ABOUT THIS TASK
Using the data below, transcribe exactly everything from the line that contains "Used 2025 White Toyota LE image 17" down to the line that contains "Сгъваема бебешка кошара". Include both of those lines and none of the pictures.

DATASET EXTRACT
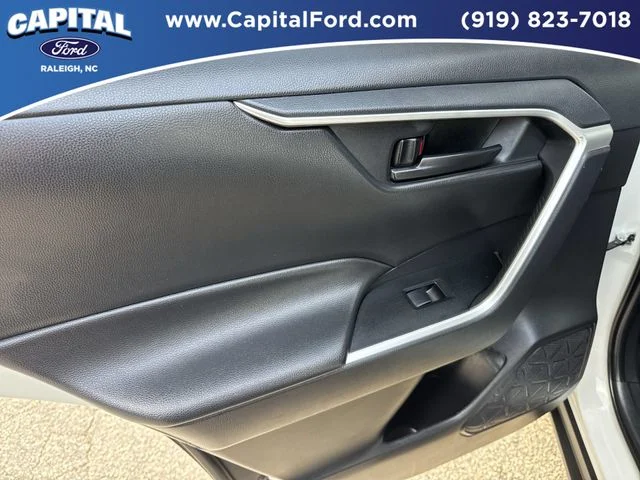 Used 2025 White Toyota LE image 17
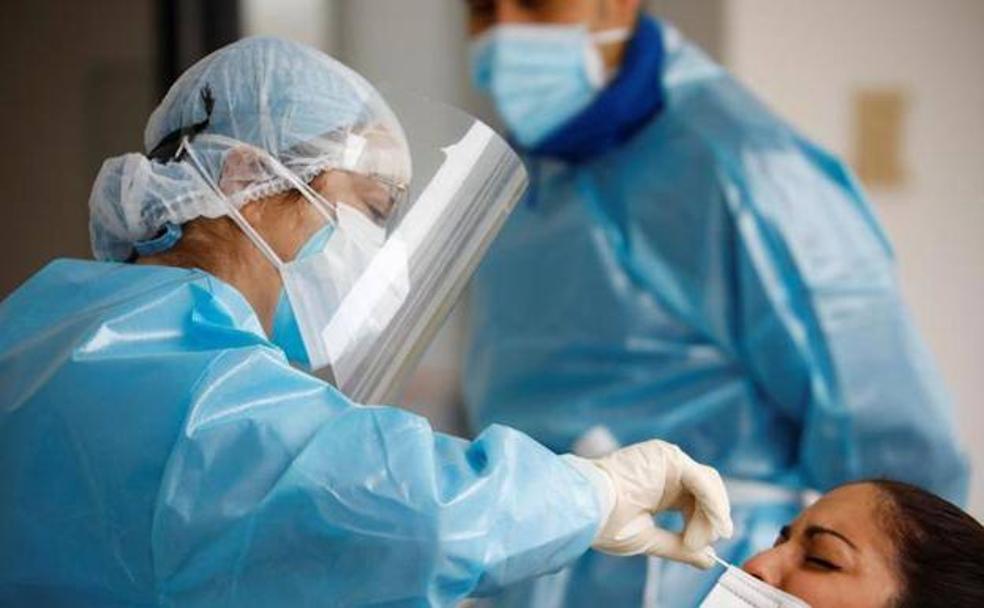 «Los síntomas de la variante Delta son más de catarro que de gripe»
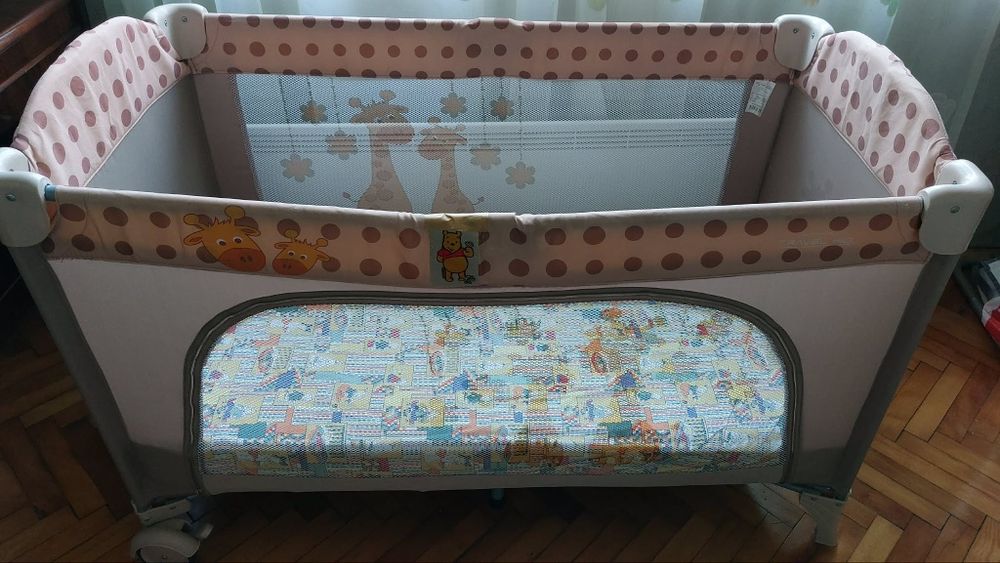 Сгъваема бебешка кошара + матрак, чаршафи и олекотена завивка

--

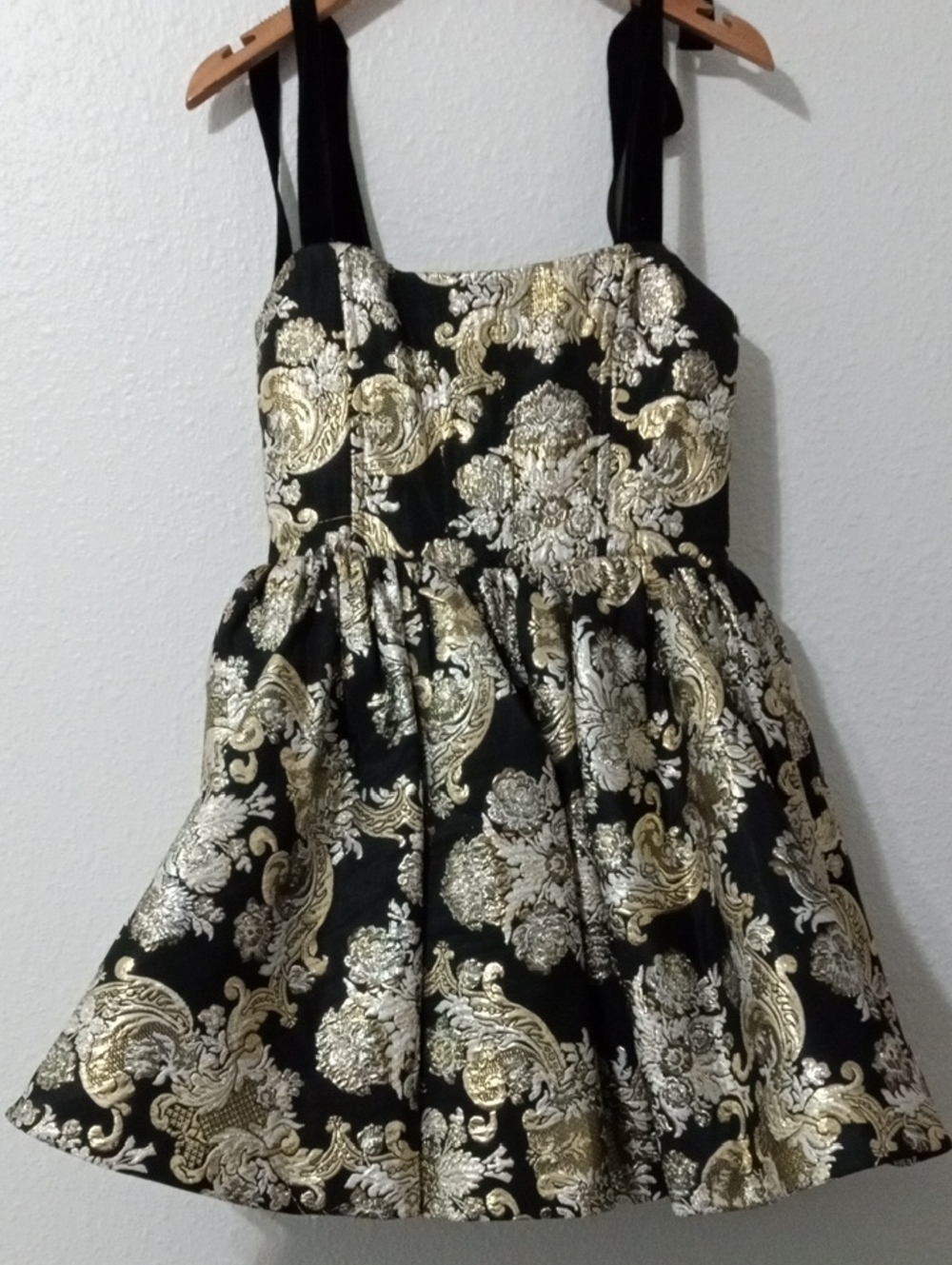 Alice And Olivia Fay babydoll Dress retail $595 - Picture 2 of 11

ANSWER SECTION
 Used 2025 White Toyota LE image 17
 «Los síntomas de la variante Delta son más de catarro que de gripe»
 Сгъваема бебешка кошара + матрак, чаршафи и олекотена завивка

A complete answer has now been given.